Un constat partagé par Emmanuel Hay, président du Syndicat des internes des hôpitaux de Paris (SIHP). « La période de l’internat est très critique. C’est une période où les jeunes médecins en formation sont particulièrement vulnérables de part leur statut. Par exemple, illustre-t-il, quand vous êtes interne à Brest ou dans d’autres villes, à l’exception de Paris peut-être, vous restez dans le même lieu de formation pendant 4 à 6 ans selon votre spécialité. Si votre stage se passe mal, vous êtes en quelque sorte prisonnier pendant plusieurs années. Les supérieurs hiérarchiques ont presque droit de vie ou de mort sur les étudiants même si les violences peuvent évidemment continuer après l’internat », avance l’interne en santé publique.
« À l’hôpital comme ailleurs, les agresseurs vont cibler les personnes qu’ils considèrent comme plus vulnérables qu’eux ou dotées de moins de pouvoir, abonde à son tour Marilyn Baldeck, experte des violences sexistes et sexuelles et cofondatrice de la Collective Des Droits. L’hôpital est un lieu où les écarts de pouvoirs sont extrêmement importants, ce qui explique que ce soit un terrain de violences privilégié ».
Etre « dur au mal »
Les nombreuses prises de parole révèlent aussi que certains services sont particulièrement propices aux dérives. De nombreux incidents se produisent par exemple au bloc opératoire ou en service d’anesthésie-réanimation. « Il y a classiquement une culture machiste et sexiste en chirurgie, tout le monde le sait, souligne Emmanuel Hay. C’est aussi vrai en anesthésie-réanimation » ajoute l’interne passé par ce service pendant un an et demi. « Ces milieux assez durs et violents exigent d’être dur au mal, de faire beaucoup de gardes. Dans certains services, il faut montrer sa capacité à résister à la violence, montrer qu’on est inébranlable, avance-t-il. C’est mon ressenti personnel mais cela contribue, à mon avis, à faire émerger des profils de personnes prêtes à encaisser cette violence et parfois la reproduire. C’est presque la condition pour avoir le droit de remplir ces postes-là », analyse-t-il.

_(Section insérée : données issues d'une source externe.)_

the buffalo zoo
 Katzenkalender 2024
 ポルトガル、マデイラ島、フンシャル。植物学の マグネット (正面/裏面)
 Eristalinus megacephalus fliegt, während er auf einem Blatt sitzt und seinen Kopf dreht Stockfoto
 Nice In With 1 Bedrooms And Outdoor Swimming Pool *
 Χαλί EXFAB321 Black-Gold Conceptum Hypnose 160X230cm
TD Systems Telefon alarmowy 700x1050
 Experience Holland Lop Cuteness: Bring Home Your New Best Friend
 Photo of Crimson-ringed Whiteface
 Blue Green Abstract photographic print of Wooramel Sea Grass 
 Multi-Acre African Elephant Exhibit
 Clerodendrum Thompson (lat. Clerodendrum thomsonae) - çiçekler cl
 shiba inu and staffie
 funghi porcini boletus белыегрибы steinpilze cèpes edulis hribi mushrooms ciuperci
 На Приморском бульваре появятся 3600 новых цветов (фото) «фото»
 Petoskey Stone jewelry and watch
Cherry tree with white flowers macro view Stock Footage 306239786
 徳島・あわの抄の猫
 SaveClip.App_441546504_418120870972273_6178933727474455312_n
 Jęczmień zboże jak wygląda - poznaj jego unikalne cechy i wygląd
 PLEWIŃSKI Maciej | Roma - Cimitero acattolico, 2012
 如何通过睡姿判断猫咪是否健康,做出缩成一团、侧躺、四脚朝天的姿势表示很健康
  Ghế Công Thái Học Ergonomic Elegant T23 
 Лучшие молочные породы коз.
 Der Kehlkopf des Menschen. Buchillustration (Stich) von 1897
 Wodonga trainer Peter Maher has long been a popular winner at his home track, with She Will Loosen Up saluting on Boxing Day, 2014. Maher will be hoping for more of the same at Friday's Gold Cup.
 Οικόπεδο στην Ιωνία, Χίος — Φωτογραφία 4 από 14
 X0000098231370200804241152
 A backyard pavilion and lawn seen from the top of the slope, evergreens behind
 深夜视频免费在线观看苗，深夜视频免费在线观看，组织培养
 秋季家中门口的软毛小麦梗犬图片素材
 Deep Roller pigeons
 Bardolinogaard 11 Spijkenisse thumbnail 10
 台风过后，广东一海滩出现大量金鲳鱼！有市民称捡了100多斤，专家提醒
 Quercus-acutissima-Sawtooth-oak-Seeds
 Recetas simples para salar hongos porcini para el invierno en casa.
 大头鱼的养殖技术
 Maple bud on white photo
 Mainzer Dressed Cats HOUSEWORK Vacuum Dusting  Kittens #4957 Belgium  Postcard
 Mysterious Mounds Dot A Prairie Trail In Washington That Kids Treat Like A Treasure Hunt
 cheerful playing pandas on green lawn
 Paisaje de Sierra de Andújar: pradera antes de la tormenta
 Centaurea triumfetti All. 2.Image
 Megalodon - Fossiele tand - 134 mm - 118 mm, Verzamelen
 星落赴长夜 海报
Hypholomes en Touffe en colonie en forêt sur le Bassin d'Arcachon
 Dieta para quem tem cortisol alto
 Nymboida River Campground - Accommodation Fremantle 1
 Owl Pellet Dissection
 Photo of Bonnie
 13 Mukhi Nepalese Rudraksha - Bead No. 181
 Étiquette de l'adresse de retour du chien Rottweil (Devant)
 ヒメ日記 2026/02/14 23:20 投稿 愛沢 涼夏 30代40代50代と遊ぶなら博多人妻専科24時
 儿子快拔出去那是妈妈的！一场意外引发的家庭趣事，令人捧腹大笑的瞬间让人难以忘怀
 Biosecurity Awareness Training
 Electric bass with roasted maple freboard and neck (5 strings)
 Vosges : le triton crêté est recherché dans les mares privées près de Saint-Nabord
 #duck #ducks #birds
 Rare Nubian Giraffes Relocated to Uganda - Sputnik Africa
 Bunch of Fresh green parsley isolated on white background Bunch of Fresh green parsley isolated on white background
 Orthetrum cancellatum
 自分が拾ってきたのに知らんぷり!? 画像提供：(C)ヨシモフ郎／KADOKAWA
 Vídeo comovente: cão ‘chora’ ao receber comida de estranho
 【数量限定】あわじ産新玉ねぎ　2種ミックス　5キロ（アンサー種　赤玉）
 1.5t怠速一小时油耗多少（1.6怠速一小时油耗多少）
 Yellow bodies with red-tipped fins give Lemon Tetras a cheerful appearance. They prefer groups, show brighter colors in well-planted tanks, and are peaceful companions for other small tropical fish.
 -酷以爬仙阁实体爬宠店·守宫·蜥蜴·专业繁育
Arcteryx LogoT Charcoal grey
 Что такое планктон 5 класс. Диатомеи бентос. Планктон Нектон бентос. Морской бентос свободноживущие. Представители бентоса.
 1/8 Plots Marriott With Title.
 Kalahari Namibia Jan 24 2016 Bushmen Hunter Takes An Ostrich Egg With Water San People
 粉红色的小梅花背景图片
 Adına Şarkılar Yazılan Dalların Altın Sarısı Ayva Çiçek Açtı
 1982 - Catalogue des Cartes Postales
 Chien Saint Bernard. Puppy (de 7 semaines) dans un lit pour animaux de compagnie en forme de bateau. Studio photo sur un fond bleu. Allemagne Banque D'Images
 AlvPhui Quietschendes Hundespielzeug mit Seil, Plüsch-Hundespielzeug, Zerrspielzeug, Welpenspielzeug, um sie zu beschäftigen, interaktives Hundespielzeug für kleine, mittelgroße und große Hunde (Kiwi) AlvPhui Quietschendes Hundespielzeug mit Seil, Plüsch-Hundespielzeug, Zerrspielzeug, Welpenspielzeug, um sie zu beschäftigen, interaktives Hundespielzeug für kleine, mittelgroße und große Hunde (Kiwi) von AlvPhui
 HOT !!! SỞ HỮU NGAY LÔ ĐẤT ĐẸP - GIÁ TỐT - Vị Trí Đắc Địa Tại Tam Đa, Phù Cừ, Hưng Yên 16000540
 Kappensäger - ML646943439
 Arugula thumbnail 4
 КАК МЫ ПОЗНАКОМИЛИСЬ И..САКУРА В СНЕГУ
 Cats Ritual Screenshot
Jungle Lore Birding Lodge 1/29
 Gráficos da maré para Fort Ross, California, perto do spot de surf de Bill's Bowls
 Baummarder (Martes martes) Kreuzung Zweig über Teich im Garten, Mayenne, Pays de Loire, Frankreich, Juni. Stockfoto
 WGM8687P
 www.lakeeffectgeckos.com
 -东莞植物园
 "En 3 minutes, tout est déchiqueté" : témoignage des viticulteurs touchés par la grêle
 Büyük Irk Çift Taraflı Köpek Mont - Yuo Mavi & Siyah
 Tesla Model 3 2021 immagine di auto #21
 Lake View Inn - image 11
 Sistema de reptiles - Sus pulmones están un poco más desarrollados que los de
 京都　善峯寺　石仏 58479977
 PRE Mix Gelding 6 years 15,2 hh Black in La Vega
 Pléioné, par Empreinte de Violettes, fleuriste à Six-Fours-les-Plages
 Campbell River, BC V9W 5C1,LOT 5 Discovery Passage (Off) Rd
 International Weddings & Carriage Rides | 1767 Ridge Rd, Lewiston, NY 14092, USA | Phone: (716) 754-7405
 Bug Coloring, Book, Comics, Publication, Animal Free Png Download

Marilyn Baldeck met aussi en avant ces services où les « ambiances de travail sont très sexualisées et où personne n’est spécifiquement visé ». « C’est une culture très misogyne. C’est très pervers car ce n’est pas une soignante qui est ciblée en particulier mais les femmes en général, ou les personnes en raison de leur orientation sexuelle. Ce sont des situations qui peuvent devenir légitimement insupportables pour une partie du collectif », conclut-elle.